[Crawled caption data]
-*-
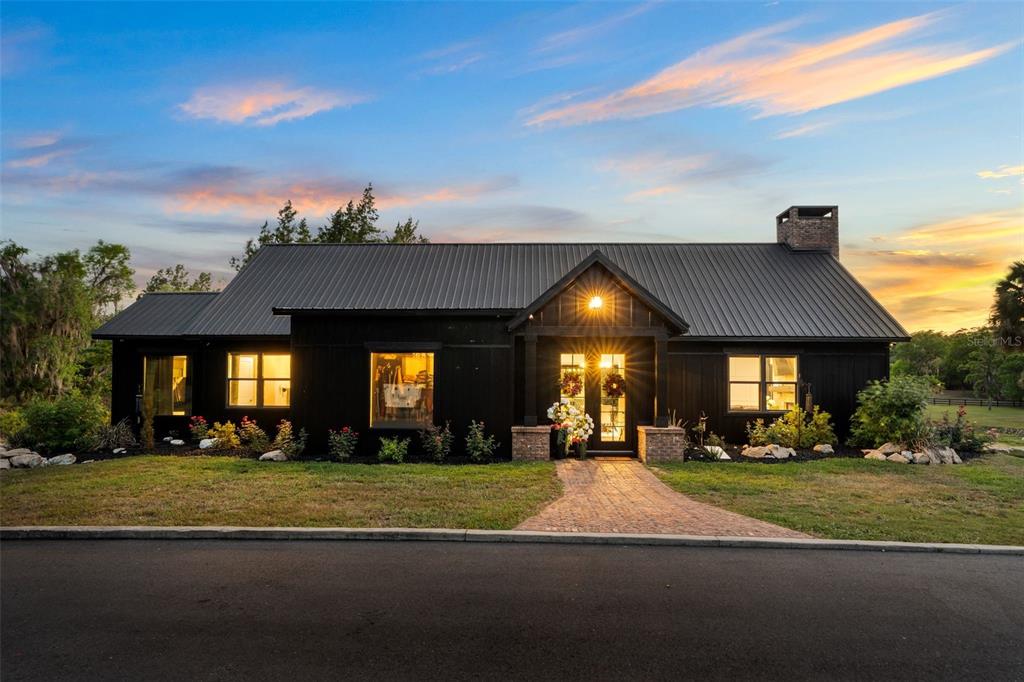 A black farmhouse-style home with a metal roof and brick walkway at sunset — 17995 NE 24TH TERRACE, CITRA, FL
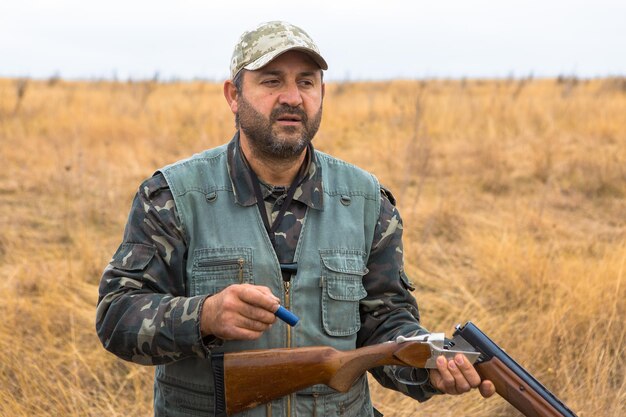 Homme chasseur en tenue de camouflage avec une arme à feu pendant la chasse à la recherche d'oiseaux sauvages ou de gibier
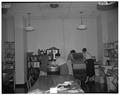 Clothing and textile workshop students working with machinery during summer school, July 1954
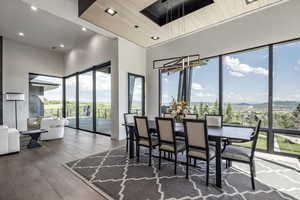 Dining space featuring plenty of natural light, a mountain view, hardwood / wood-style floors, a towering ceiling, and recessed lighting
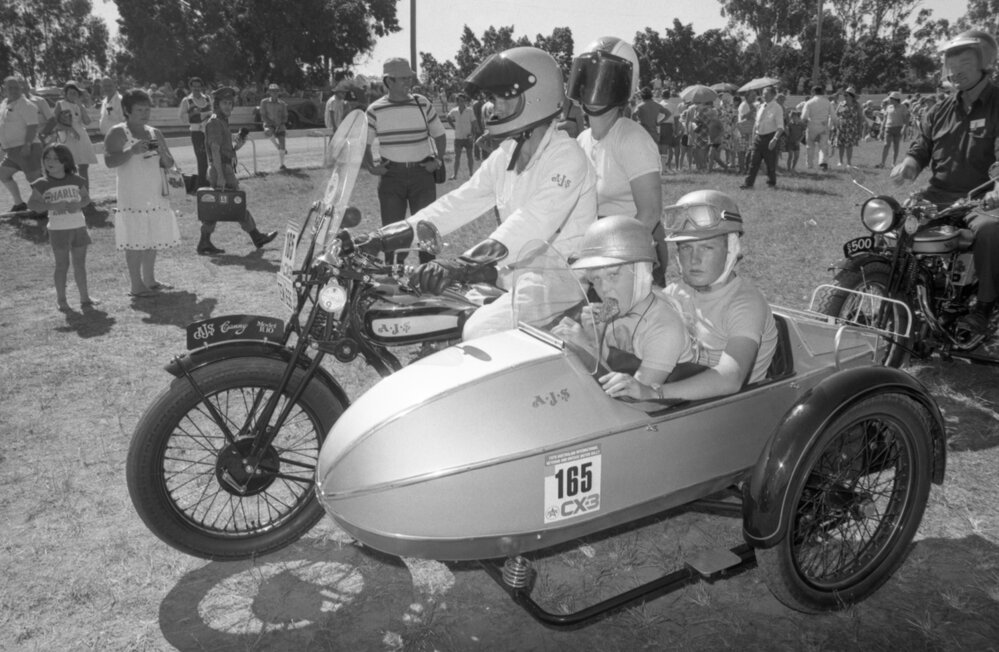 People driving a motorcycle with children in the sidecar at the 1978 Australian International Veteran and Vintage Motor Rally at the Ipswich Showgrounds, Ipswich, April 1978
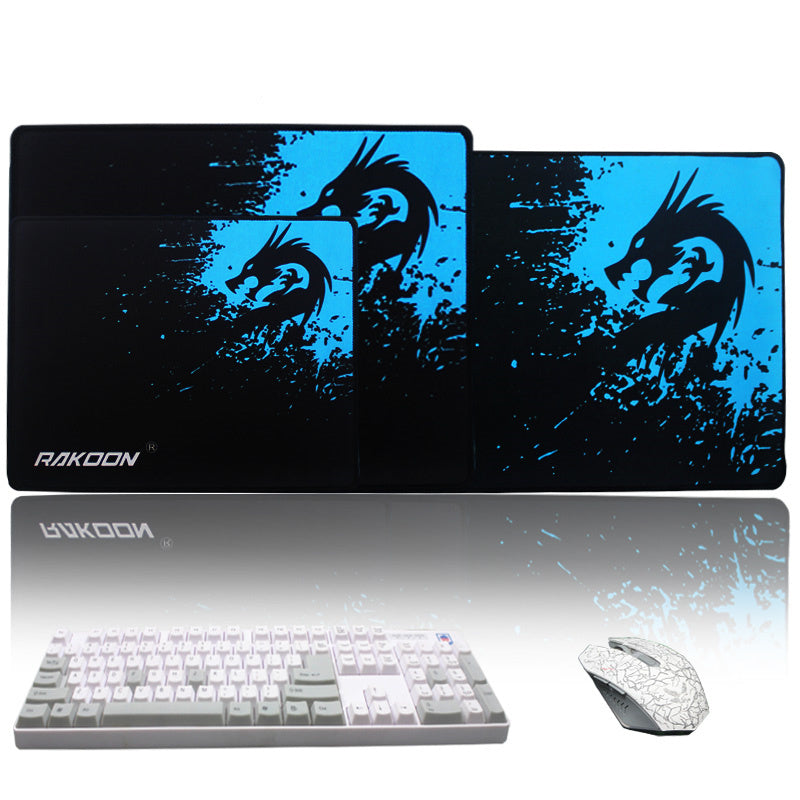 Dragon-themed mouse pad with RAKOON branding, keyboard, and mouse on a white background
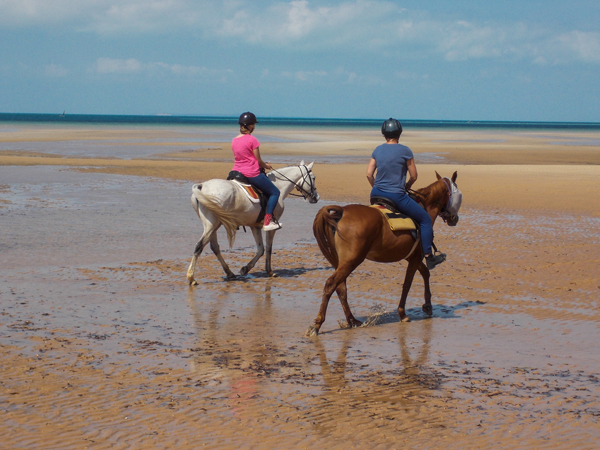 women horseback riding on the beach mozambique horse safari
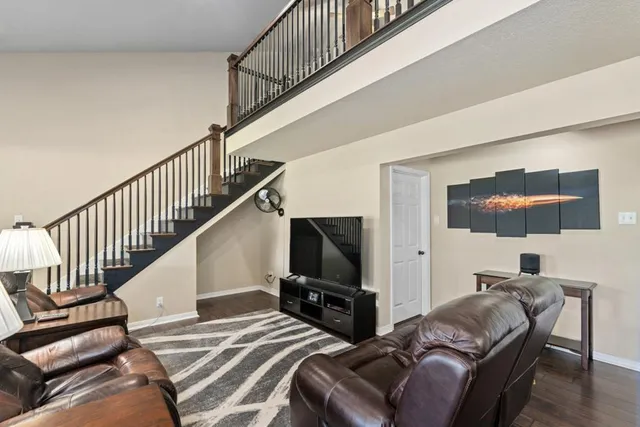 a bedroom with two beds and a painting on the wall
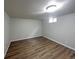 Finished basement bedroom with wood-look flooring at 123 Emerald St, Broomfield, CO 80020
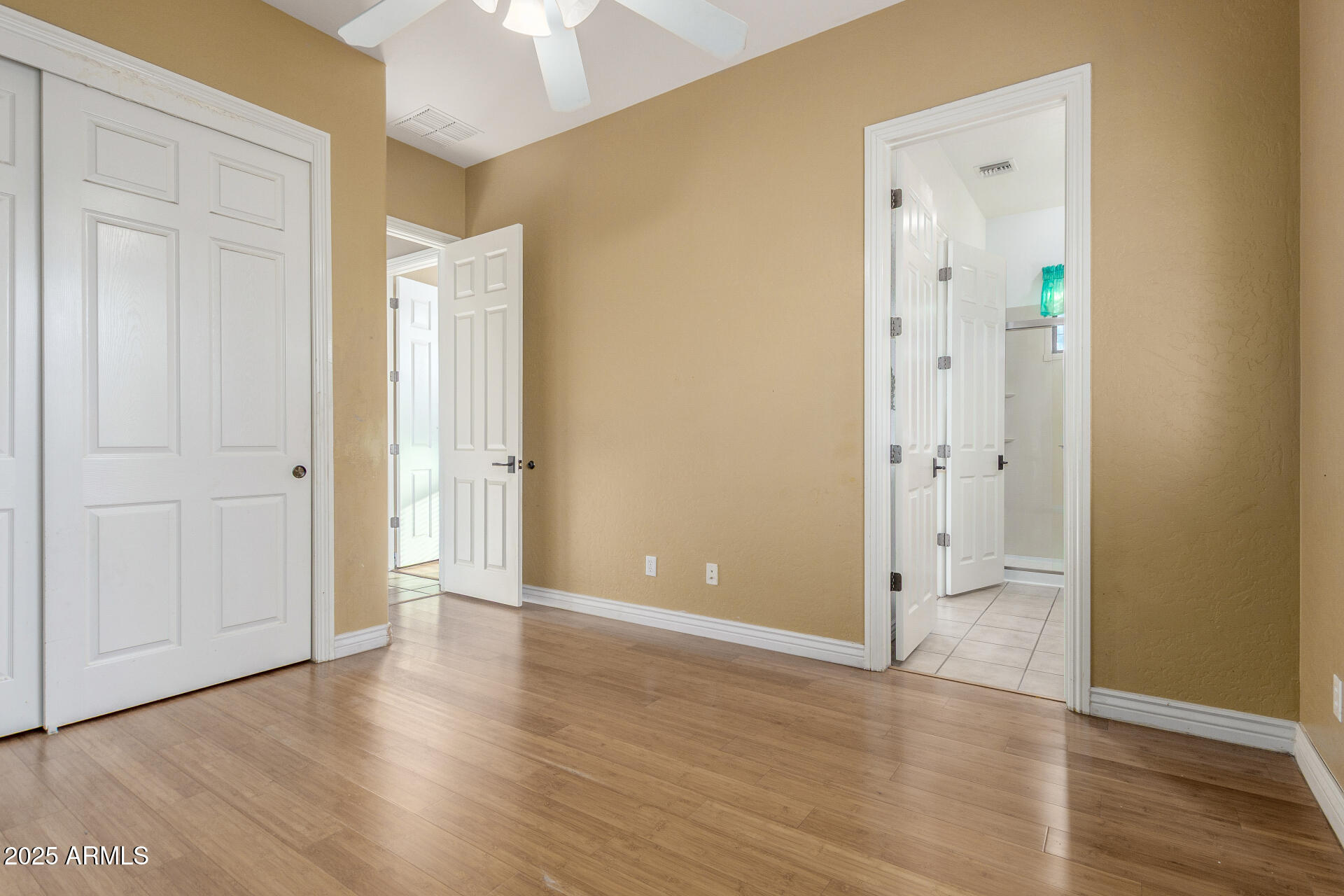 14380 West Monte Vista Road Goodyear, AZ 85395 - Photo 25 of 37 a view of an empty room with wooden floor and a bathroom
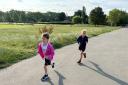 Lolita Oakes and Juliet Deilinger, both aged 7, are running a marathon to raise money for Lolita's mum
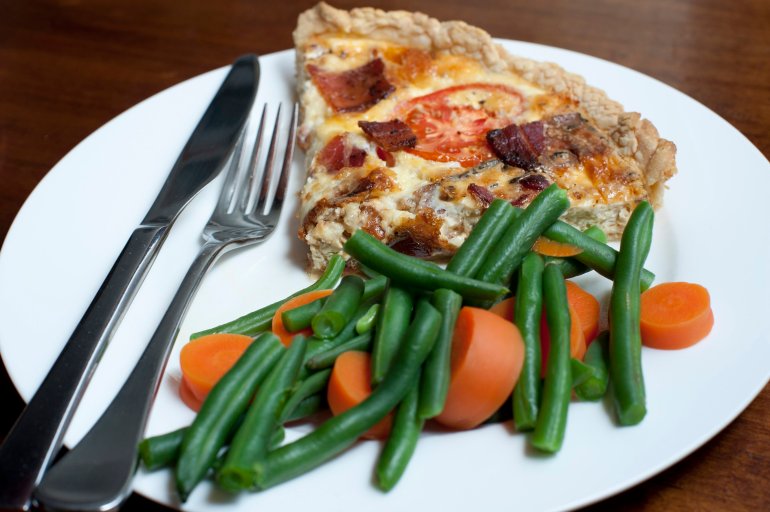 Slice of savoury quiche with fresh cooked carrots and green beans served on a white plate with cutlery over a black background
-*-
• _What to produce_: Each line from the one containing "women horseback riding" through the last line of the data should be written out exactly. Skip the pictures, and add no other lines.

• _Response to the exercise_:
 women horseback riding on the beach mozambique horse safari
 a bedroom with two beds and a painting on the wall
 Finished basement bedroom with wood-look flooring at 123 Emerald St, Broomfield, CO 80020
 14380 West Monte Vista Road Goodyear, AZ 85395 - Photo 25 of 37 a view of an empty room with wooden floor and a bathroom
 Lolita Oakes and Juliet Deilinger, both aged 7, are running a marathon to raise money for Lolita's mum
 Slice of savoury quiche with fresh cooked carrots and green beans served on a white plate with cutlery over a black background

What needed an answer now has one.